Living rooms for rent by the minute outsource the whole idea of home
The Conversation
November 13, 2017
A living room rented by the minute and another room shared for sleeping – the age of the ‘distributed’ home is upon us.
—Ziferblat
Zifferblatt with double f and double t is a German and Russian word for
a watch face. Ziferblat with only one f and one t is a home you can
rent by the minute. The missing letters are a clue to what you get –
not the whole deal.
In a time when rents and rental insecurity are high and people are
sharing rooms with strangers just to have a bed for the night, it is
worth looking at this new “home as a service” enterprise.
Ziferblat
originated in Moscow and spread from there to St Petersburg and other
Russian and Eastern locations via Ljubljana to Manchester, Liverpool
and London. Around the world, there are currently 14 Ziferblat venues,
described as places for cultural and social engagement.
Russia has had a cultural precedent for communal living. After the 1917
revolution, komunalkas emerged to provide collective living
arrangements in response to an acute urban housing crisis.

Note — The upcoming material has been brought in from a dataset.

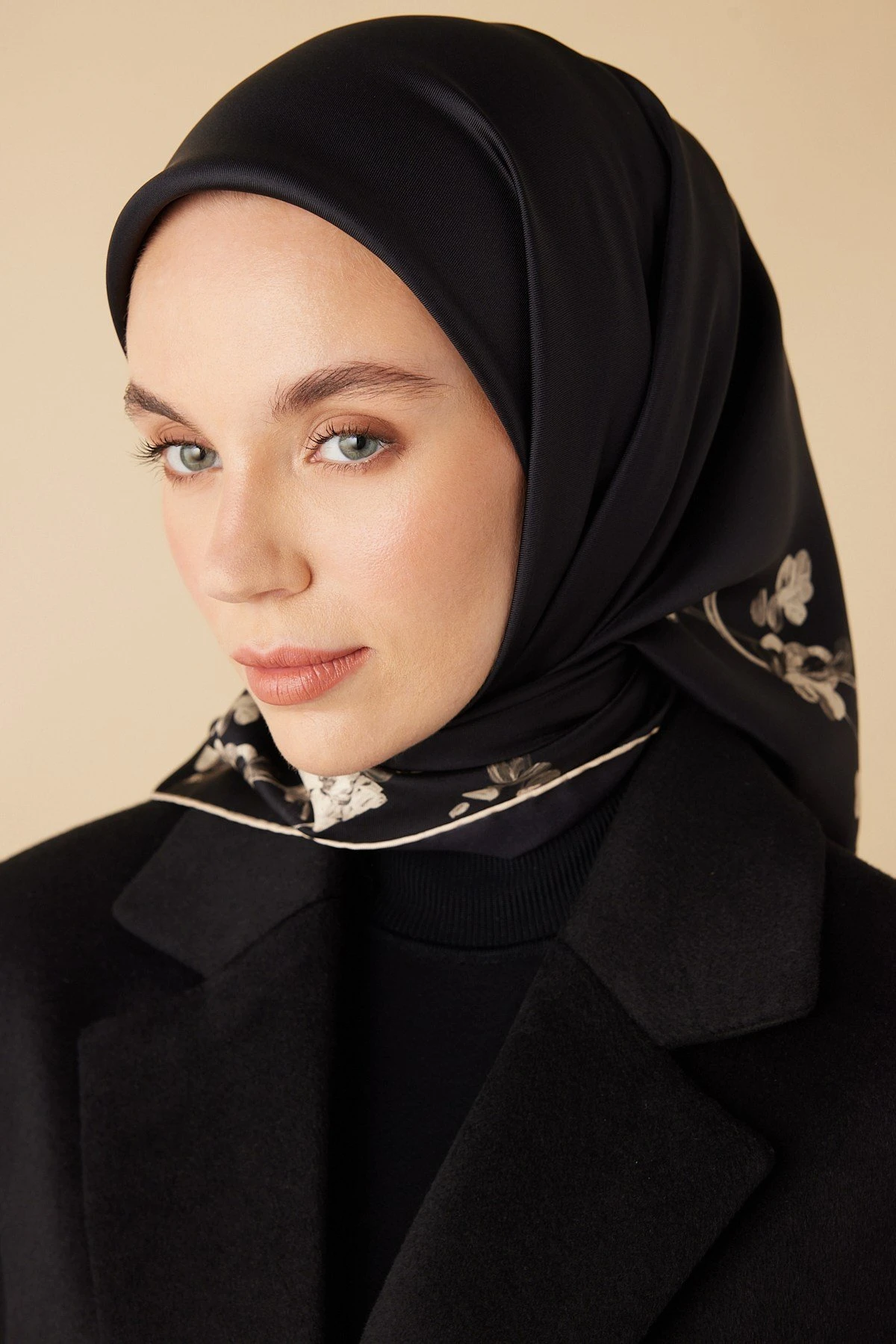 Siyah-Bej Maisa Neva Twill İpek Eşarp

don’t have a place to call home during the day
The Ziferblat concept seems a perfect fit for those who share a room at
night but don’t have a place to call home during the day. Each venue is
open from 10am to midnight and offers a place to relax, read, cook or
work – you can even have a nap. It is fully furnished and the website
shows your companions performing poetry and playing piano, arty
bohemian types – and perhaps as a result unable to pay the high rents
in city locations.
At Ziferblat you pay by the minute. That’s right, you have a living
room by the minute. The tag line is: “Everything is free except the
time you spend here.”
And the minutes are cheap, a few cents only, and like every good deal
it’s capped. So once you spent three to four hours, there’s no more to
pay for the day.
The top rate is about A$15-20 per day depending on the country. For
this, besides the comfortably furnished space, you get free coffee,
tea, water, juices, fruit, vegetables, snacks and facilities like a
kitchen and bathrooms.
Deconstructing the idea of home
Is this sort of commercial enterprise a further step towards
deconstructing our concepts of home and domestic living? After all, a
flat can be compared to a car. It sits idle most of the time when we
are at work and really is used only at the edges of the day.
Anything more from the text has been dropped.